Erpressungstrojaner – “Highwayman” zielt auf Autofahrer – Kennt ihr schon die Keyless-Go-App eures Automobilherstellers? Probiert sie vorerst nicht aus. Sie sind zwar cool und ihr könnt euer Auto per App öffnen, aber mit Highwayman an Bord macht das keinen Spaß mehr. Seid ihr davon betroffen könnt ihr euer Auto nicht öffnen. Es muss 0.25 Bitcoin an den Erpresser gezahlt werden, damit das Overlay in der App verschwindet. Der Schadcode ist vermutlich viel tiefer angesiedelt als man meint, nämlich im Framework, dass benutzt wird, um solche Apps zu entwickeln.

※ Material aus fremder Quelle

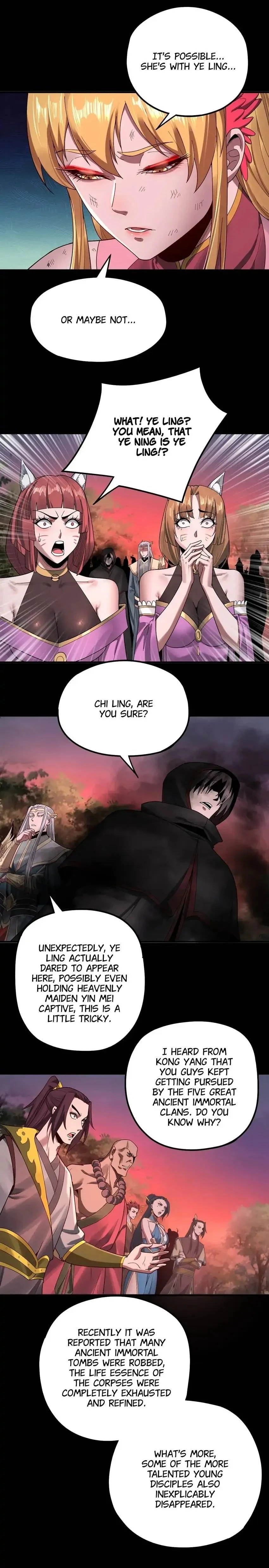 I Am the Fated Villain Chapter 68 - 23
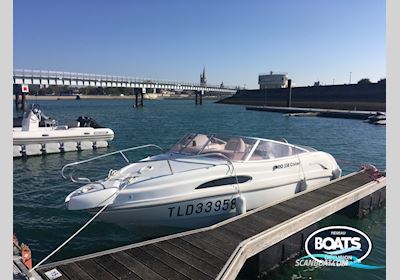 Rio Iberica S.A. Rio 550 Cruiser Motorboat 2006, with Honda engine, France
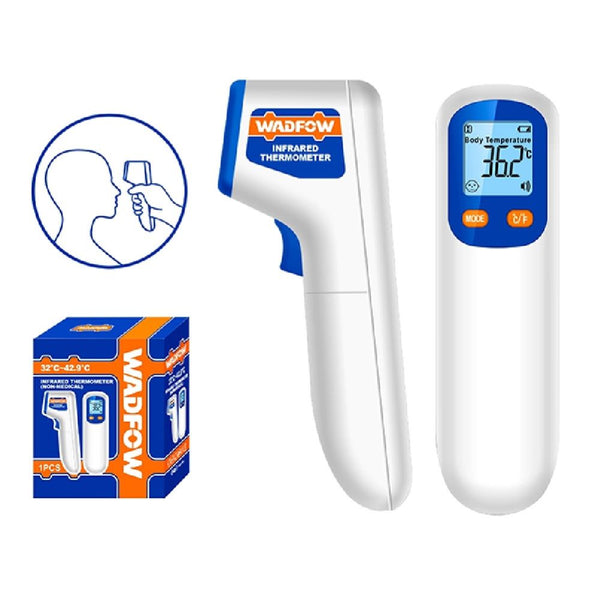 INFARED THERMOMETER WNT2501 | Company: Wadfow | Origin: China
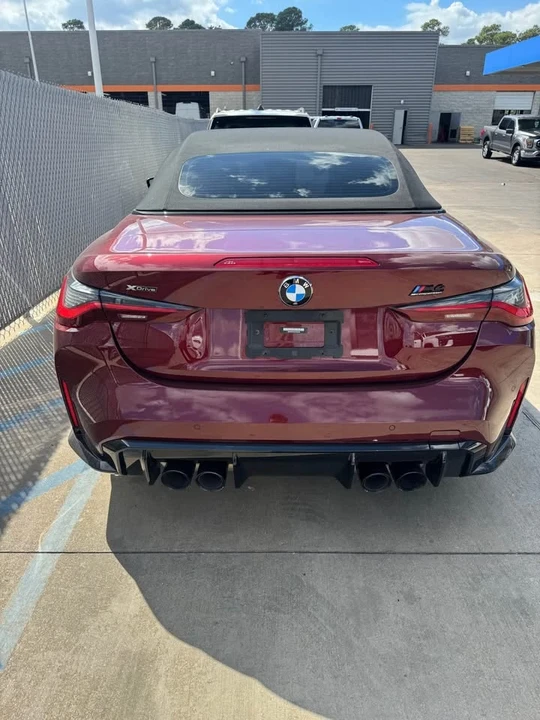 2024 BMW G82/G83 M4 - Image 3 of 9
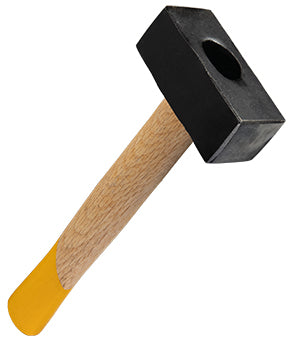 Hammer Stone W/H 2LB Forged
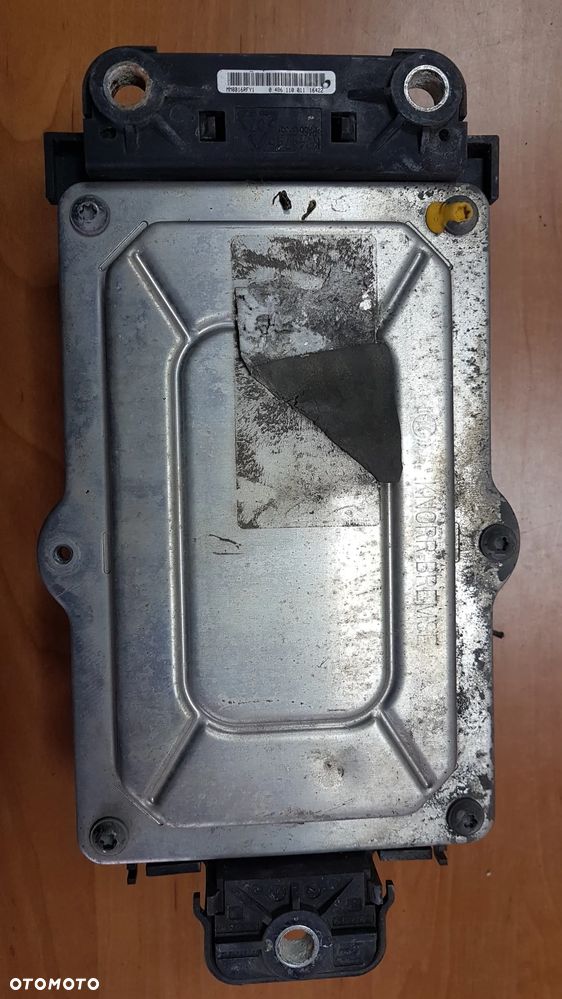 STEROWNIK, ECU, EBS7, KNORR-BREMSE, 0486110011, VOLVO, 21664214, - 2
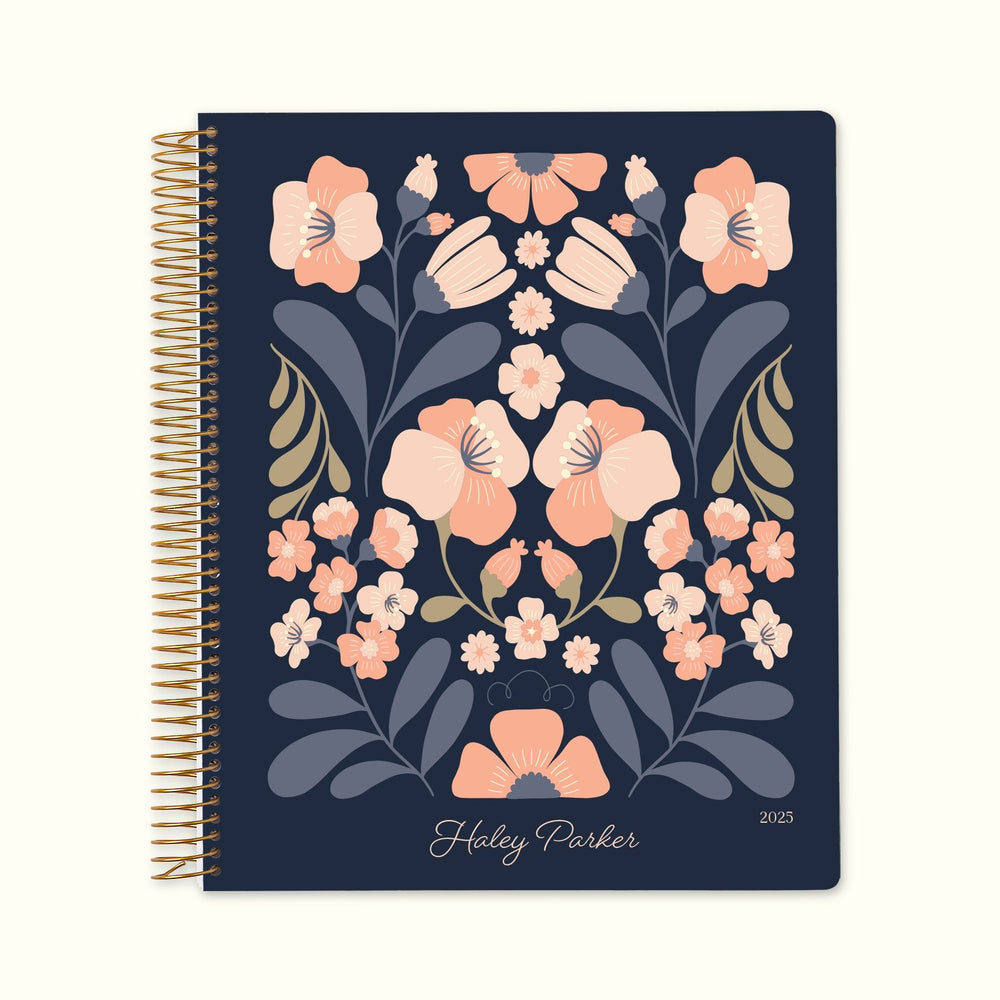 8.5x11 Monthly Planners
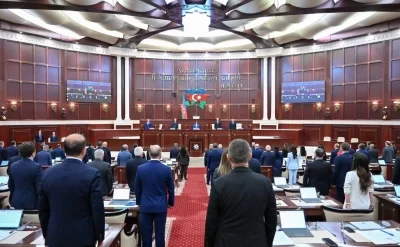 Milli Məclisin payız sessiyası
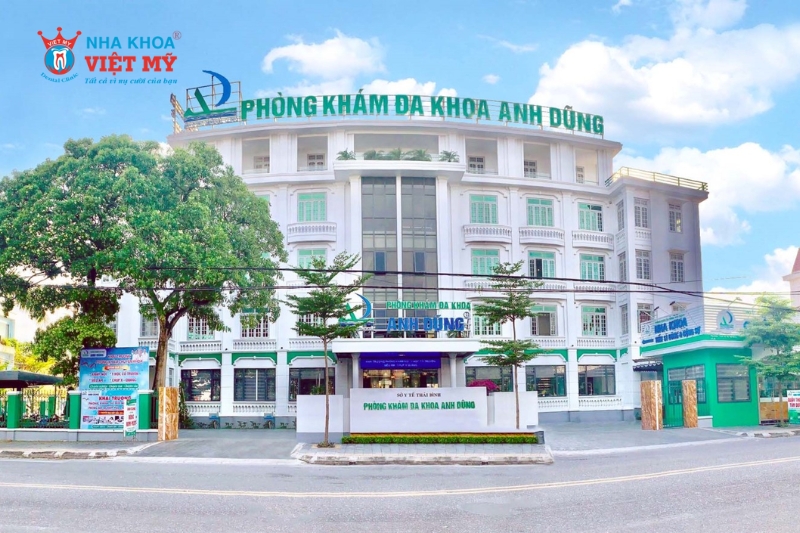 Nha Khoa Anh Dũng nha khoa Pleiku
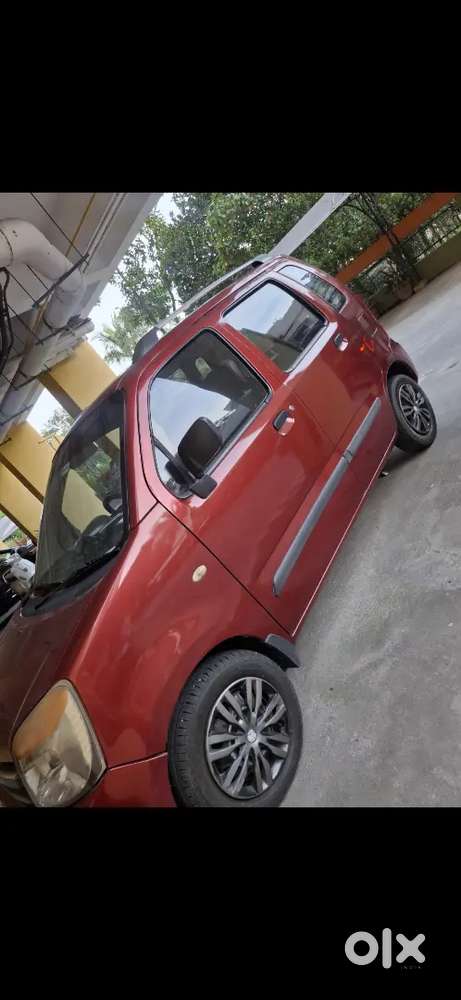 Maruti Suzuki Wagon R 2007
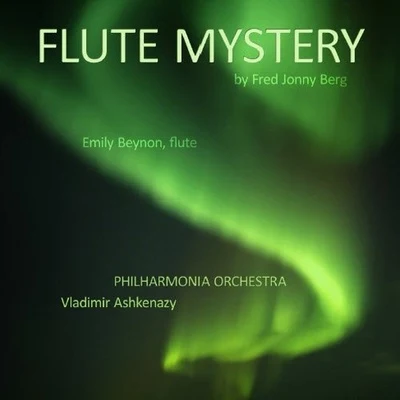 PHILHARMONIA ORCHESTRA/Vladimir Ashkenazy Flute Mystery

Aber was ist mit dem Autoschlüssel? Auch daran haben die bösen Jungs gedacht. Die App prüft, ob der Halter des Fahrzeugs in der Nähe des Autos ist. Ist dies der Fall wird der Autoschlüssel als gestohlen gemeldet. Damit sperrt der Hersteller den Schlüssel und man ist vollständig ausgesperrt. Momentan betroffen: Audio, BMW, Opel und Volvo. Habt ihr die Apps schon ausprobiert? Kommt ihr noch in euer Fahrzeug? :-)

Bitdefenders neues kostenloses Anti-Ransomware Tool

A closer look at Bitdefender’s new free ransomware security tool – Verschlüsselungstrojaner, oder Ransomware ist scheinbar der Security Hit 2016. Aber gut, dass es jemanden gibt, der etwas dagegen tun kann. Malwarebytes hat bislang ein Tool auf den Markt gebracht und Bitdefender macht dies nun auch. Es wird behauptet, dass auch zukünftige Varianten der Verschlüsselungstrojaner erkannt werden. Wie? Heuristiken, Verhaltensanalysen usw.